I am not arrogant inside, even if that’s how I come across. Arrogance was another thing that I hated and it was, and probably still is, rife in private schools. But I was clever, and that was my handicap. I couldn’t be a dropout. There was no easy option, and as I was reminded every day, I had to live up to my POTENTIAL. I owed it to society, just as I owed it to my dad to make good use of my education and to the school to get the grades on their league tables. And then there was this instantaneous feeling that I would live by for the next ten years: it didn’t matter. I was happier without responsibility. And more than any fact book could teach me, I had a mind that could put fault to this society and see through the life I was being forced to lead. I could philosophise and that was more valuable, educational and useful than a scholarship. I couldn’t and still can’t spell, my grammar has much to be desired, I probably will never know what surds are in mathematics, but all of a sudden I had a desire to live. This didn’t reflect in my work, or my exam results, I was on a downward spiral in that respect, but it now no longer mattered.
This was me, but I didn’t entirely realize it at first. I was divided in opinion, between what I was taught and what I was thinking. Most of my thinking went on at home or in the playground, or in between being sent to Headmaster and seeing him. The rest of the time I was scared. Knowing where your going is a daunting thing, especially when deep down you know no matter how hard you try to disguise it and kid yourself it will change tomorrow, your fait is not a glamorous one. Whether it’s a happy fait was something most people didn’t consider, but I did and once again I was content with the ability to think.
Now if I have portrayed it right, then you will be thinking what are the reasons for waking up every day; to go to school; to scribble down my homework from the night before, or at least something to soften the blow; taking the frustration in the eye of the ‘caring teacher’ with the punishment, before going home empty of energy and enthusiasm but still expected to work.
I scraped my way into my next school; my fresh start where I thought things wouldn’t continue the way they had academically. But as long as the reasons were there nothing would change, even if everything else around me did, and the reasons would always be there. The first year killed any desire to change, but now things had changed for the better socially. I was boarding, and happy I was too. All of a sudden it dawned on me that nobody knew what I was thinking, and the majority of my thoughts, or at least the more complex ones weren’t normal. I was living in a world of zombies who were prepared to accept and enforce this way of life, and worse still they cared about the little things that drove me to these conclusions. My very own parents were so different to me. Were they always like this? Or is this the work of the others?

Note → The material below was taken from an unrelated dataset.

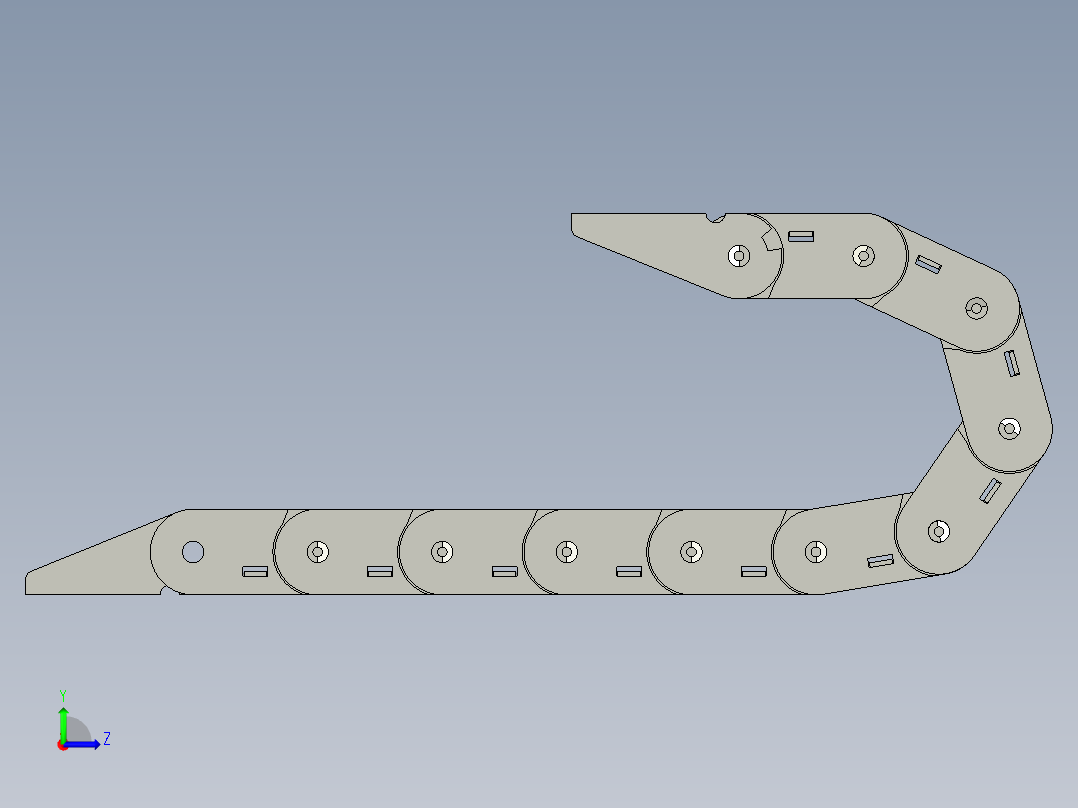 VAW21-206-R38-N10-A-VDW21左视图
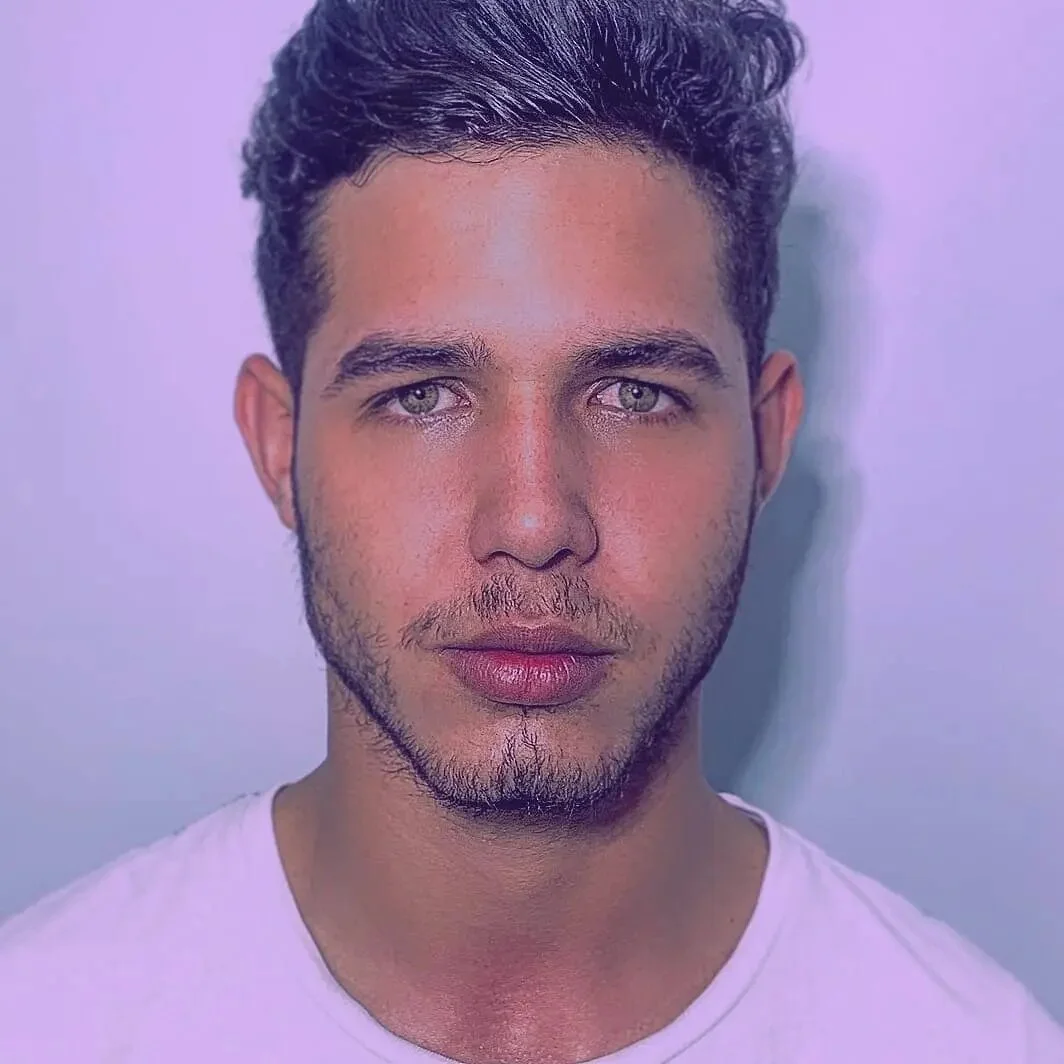 XXX Porn Photo of Nude matthewlatin 24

I took great pride in being different from the others but it wasn’t until my second year that how many people were like me became an issue in my thoughts. I knew I was a minority but these thoughts where provoked when in my second year I was acquainted with somebody who thought like me. It wasn’t obvious because he had come to the conclusion that it is easier to do what you don’t want to do, than to fight against society. Society is a strange thing; the word means something completely different to the reality. It has good intentions but it is what I spent the last five years rebelling against. On the one hand society will never work because it is striving for perfection, on the other hand it does work because it is society that educated me, it is society that will employ me and in doing so it is society that I will contribute to, and one day I will be reliant on it for my income. But then I was faced with the reality that I am already dependant on it, to survive. And so half of me adopted the same opinion as that of my acquaintance, and I tried to work with it to change what has manifested itself in me as laziness. I will never know if I was destined to be lazy, my brother was lazy, but I knew that if I wasn’t made so sick of monotony that repression wouldn’t have got the better of me. And for whatever reasons I wasn’t working, not working would become an option, and soon enough the better option, and inevitably normal.
In this time so much has happened. I have lived, experiencing and contemplated the environment I lived in, I have made friends and lost friends. I have had the most magnificent highs, and the worst lows. I’ve seen things that would amaze you and one day I will write about them and what I have described to you now, will be an insignificant issue, but today it is something that plagues my mind and I hope it provokes yours.